▶ [Task directions]: Your response should be an exact transcription of the data, images excluded.

▶ [Information provided]:

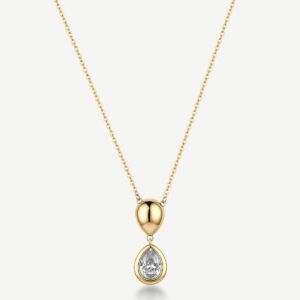 Collana girocollo in acciaio 316L e finitura pvd oro 14K, con pendente centrale a goccia e cubic zirconia.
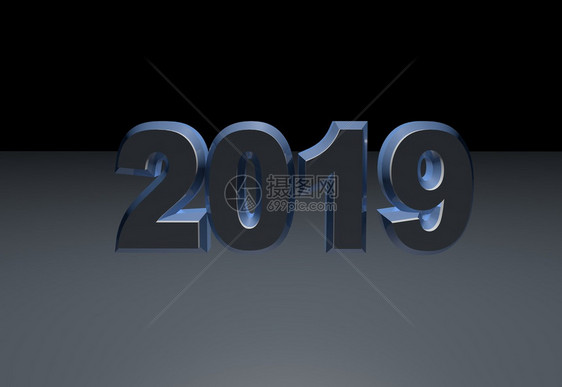 新年蓝文本20193d以灰色背景隔开新年蓝色文本以灰背景隔开图片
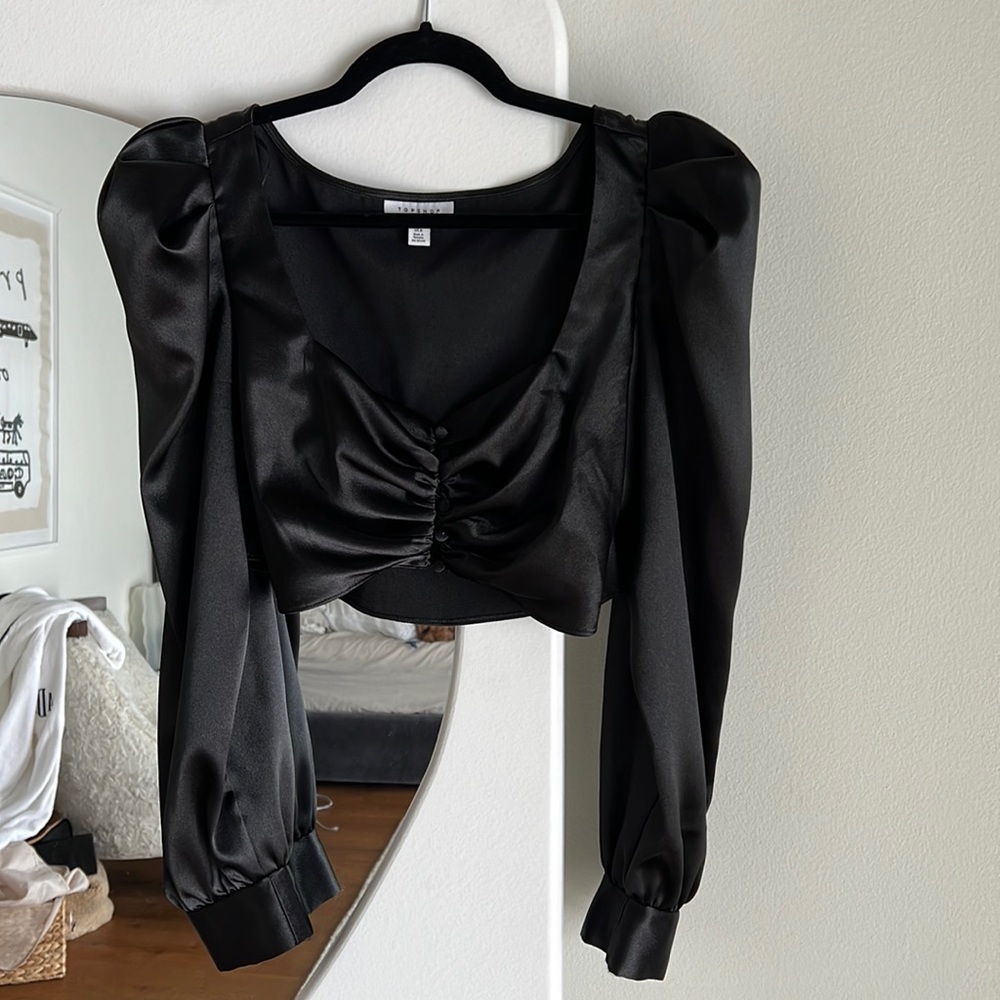 Cropped Black Silk Top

▶ [Exercise response]:
 Collana girocollo in acciaio 316L e finitura pvd oro 14K, con pendente centrale a goccia e cubic zirconia.
 新年蓝文本20193d以灰色背景隔开新年蓝色文本以灰背景隔开图片
 Cropped Black Silk Top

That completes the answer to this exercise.